Tech 7 min read

Running NDLOCR-Lite in an iOS Native App for On-Device OCR

After trying Windows, Mac, and browser (someone else’s implementation), next is an iOS native app.

A browser version (ndlocrlite-web) already exists, but it requires downloading and initializing a 146MB WASM model. A native app with the model bundled can go from cold start to camera OCR in seconds. Since startup speed directly impacts usability, there’s a real reason to build native.

Test Environment

ItemSpec
DeviceiPhone 13 Pro Max
iOS18.6
ChipA15 Bionic
RAM6 GB

Model Configuration

Four ONNX models bundled in the app:

ModelPurposeSizeInput shape
deim-s-1024x1024.onnxLayout detection (DEIMv2)38.4 MB[1, 3, 800, 800] float32
parseq-ndl-16x256-30Text recognition (~30 chars)34.2 MB[1, 3, 16, 256] float32
parseq-ndl-16x384-50Text recognition (~50 chars)35.2 MB[1, 3, 16, 384] float32
parseq-ndl-16x768-100Text recognition (~100 chars)39.1 MB[1, 3, 16, 768] float32

DEIMv2’s filename says 1024x1024, but the actual input size is 800x800. Reading the Python inference code shows input_size=800. Don’t trust the filename.

Total ~147MB. Large for an iOS app bundle, but well within App Store’s 4GB limit.

Inference Pipeline

flowchart TD
    A["Camera capture"] --> B["Vision perspective correction"]
    B --> C["DEIMv2<br/>Layout detection"]
    C --> D["Text line<br/>crop + vertical rotation"]
    D --> E["PARSeq<br/>Text recognition (cascade)"]
    E --> F["Confidence scan<br/>detect low-confidence chars via softmax probability"]
    F --> G["Reading order sort"]
    G --> H["Show correction results<br/>highlight suspicious areas"]

DEIMv2 detects text line bounding boxes in the image; PARSeq reads characters from each box. PARSeq uses 3 models in cascade based on string length (short lines → 256 model, long lines → 768 model).

Running on real device (iPhone 13 Pro Max). Input is a MinaTokenPAY flyer (horizontal text).
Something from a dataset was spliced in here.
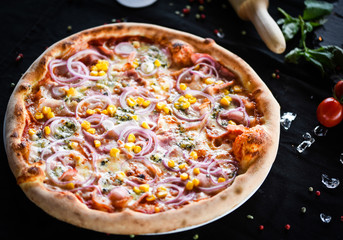 fresh italian pizza with tuna, red onion & corn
Input image (MinaTokenPAY flyer)

Input

OCR result (iPhone 13 Pro Max)

Correction result

Xcode Project Setup

ONNX Runtime via SPM

Add via Swift Package Manager:

  1. Xcode → File → Add Package Dependencies
  2. URL: https://github.com/microsoft/onnxruntime-swift-package-manager
  3. Version: 1.20.0 or later
  4. Add onnxruntime library to target

For xcodegen (project.yml):

packages:
  onnxruntime:
    url: https://github.com/microsoft/onnxruntime-swift-package-manager
    from: "1.20.0"

targets:
  NDLOCRLite:
    type: application
    platform: iOS
    dependencies:
      - package: onnxruntime
        product: onnxruntime

Adding Model Files

Drag and drop the 4 .onnx files from src/model/ in the ndlocr-lite repository into the Xcode project. Confirm they’re included in the target’s Bundle Resources.

The character set definition NDLmoji.yaml is also needed. Used to map PARSeq output indices to characters. Defines ~7142 characters including EOS (hiragana, katakana, kanji, alphanumerics, symbols).

Model Loading and Inference

ONNX Runtime’s iOS API is Objective-C based, accessed from Swift via bridge.

import OnnxRuntimeBindings

let env = try ORTEnv(loggingLevel: .warning)
let options = try ORTSessionOptions()
try options.setIntraOpNumThreads(2)
try options.setGraphOptimizationLevel(.all)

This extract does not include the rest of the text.